## How to complete this task
In the entries below, print exactly the lines from the first through the one with "에르메스 Hermes Iliade", both included, and none of the pictures.
************
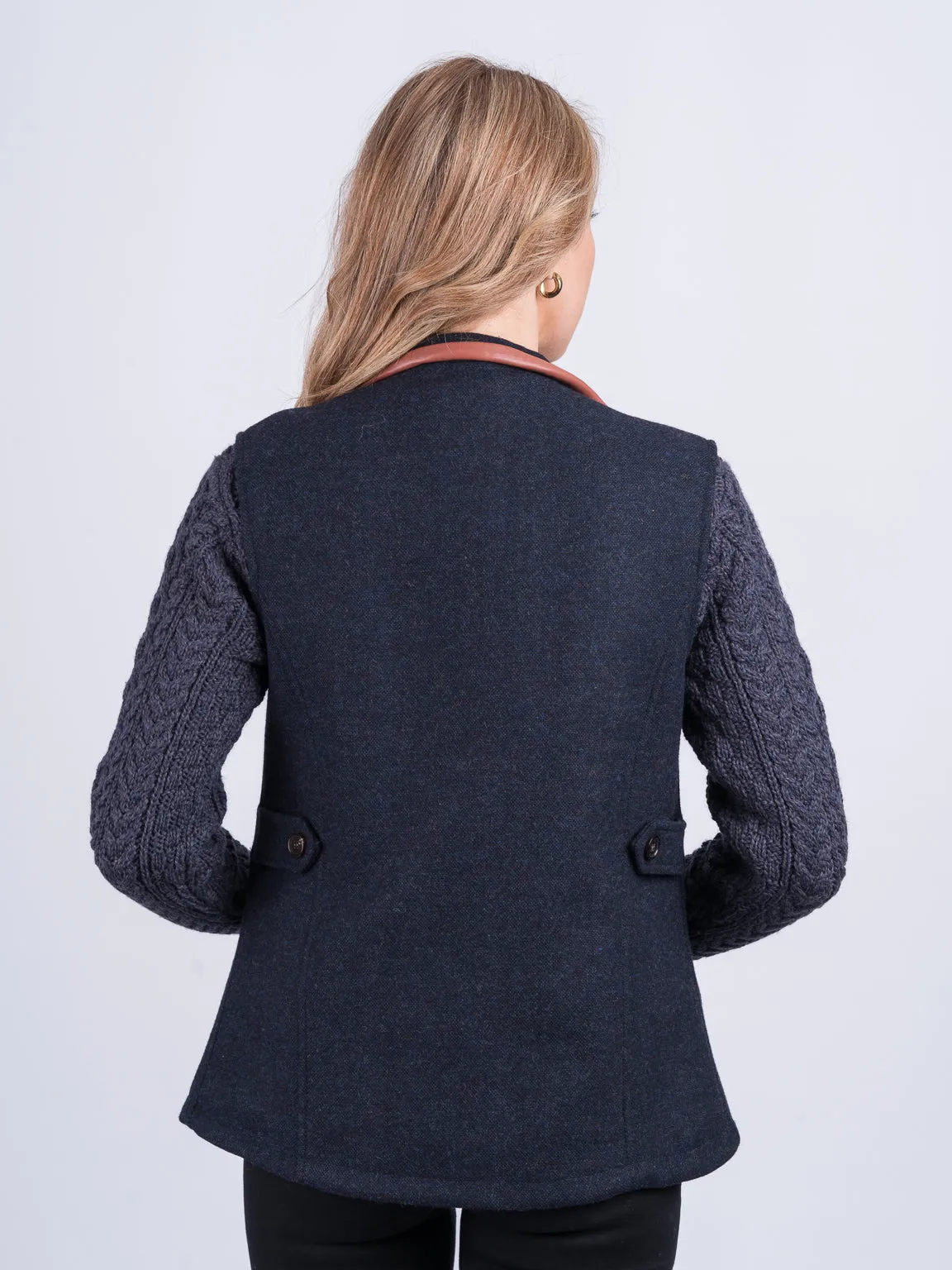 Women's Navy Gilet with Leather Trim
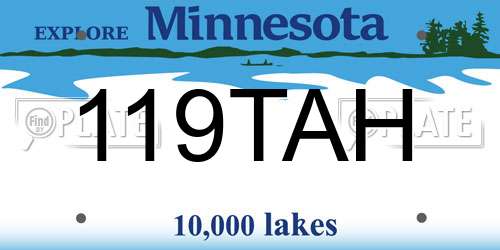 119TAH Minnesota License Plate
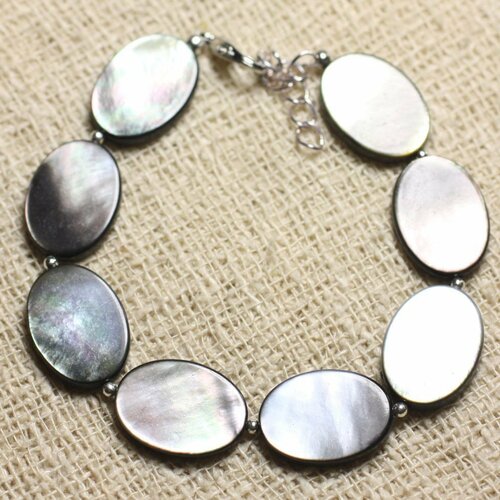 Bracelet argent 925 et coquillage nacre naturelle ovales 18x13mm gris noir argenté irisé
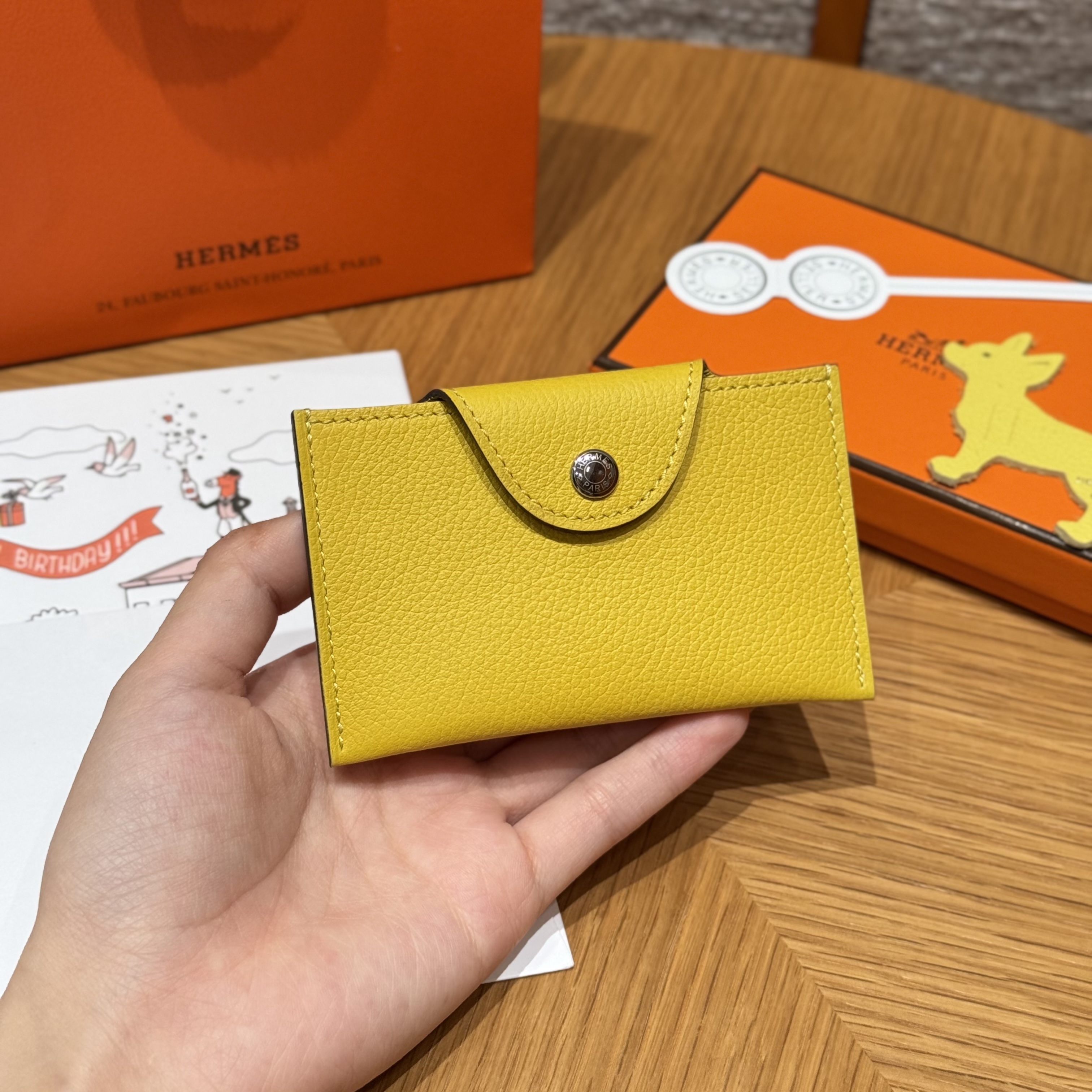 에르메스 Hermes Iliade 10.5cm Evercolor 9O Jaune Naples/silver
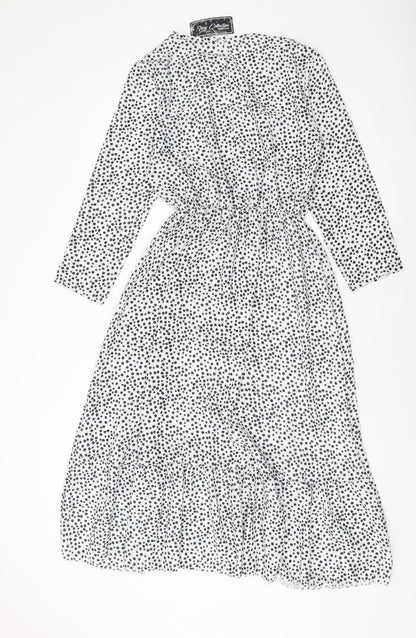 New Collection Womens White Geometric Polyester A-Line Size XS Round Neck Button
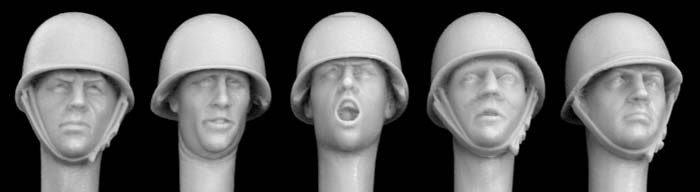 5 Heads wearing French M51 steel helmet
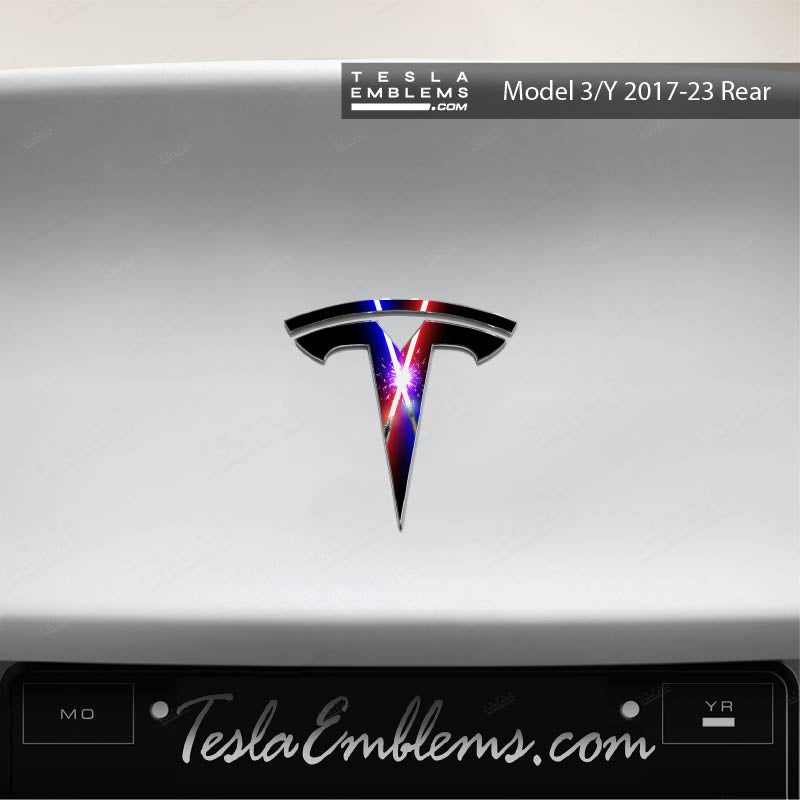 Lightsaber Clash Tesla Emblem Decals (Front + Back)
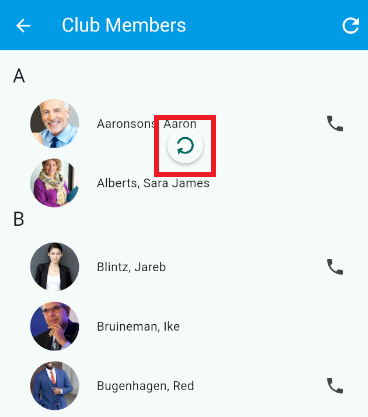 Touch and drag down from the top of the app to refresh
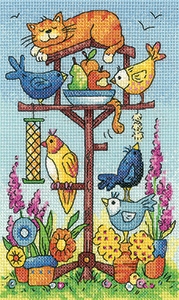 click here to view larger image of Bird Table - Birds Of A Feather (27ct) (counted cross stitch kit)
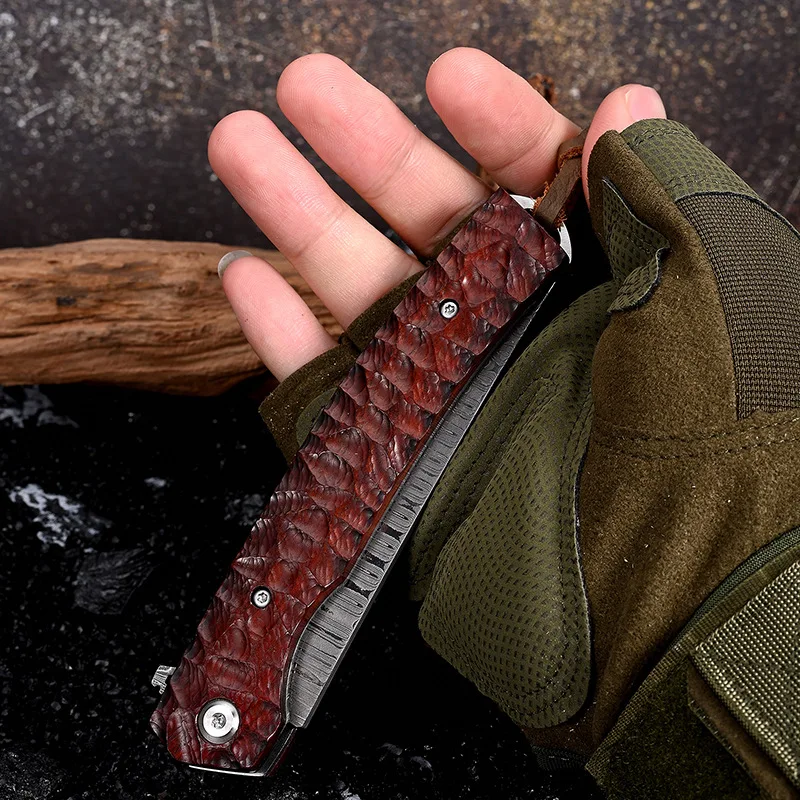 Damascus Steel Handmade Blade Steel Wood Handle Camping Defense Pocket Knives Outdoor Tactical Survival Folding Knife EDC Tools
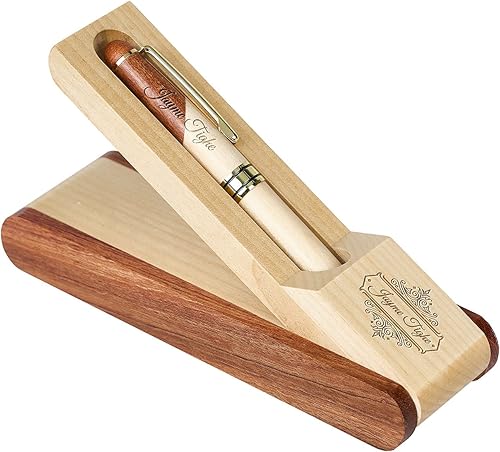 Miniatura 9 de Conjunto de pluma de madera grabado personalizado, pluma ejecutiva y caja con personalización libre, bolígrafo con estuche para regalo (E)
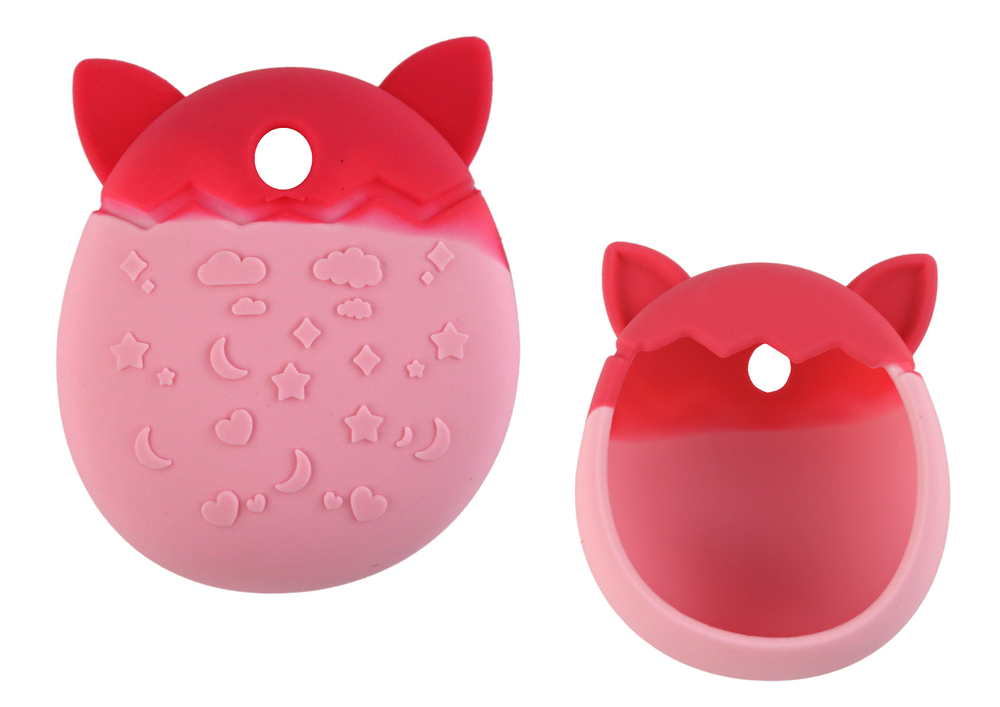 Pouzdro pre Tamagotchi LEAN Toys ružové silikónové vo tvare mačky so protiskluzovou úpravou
************
## Written answer
 Women's Navy Gilet with Leather Trim
 119TAH Minnesota License Plate
 Bracelet argent 925 et coquillage nacre naturelle ovales 18x13mm gris noir argenté irisé
 에르메스 Hermes Iliade 10.5cm Evercolor 9O Jaune Naples/silver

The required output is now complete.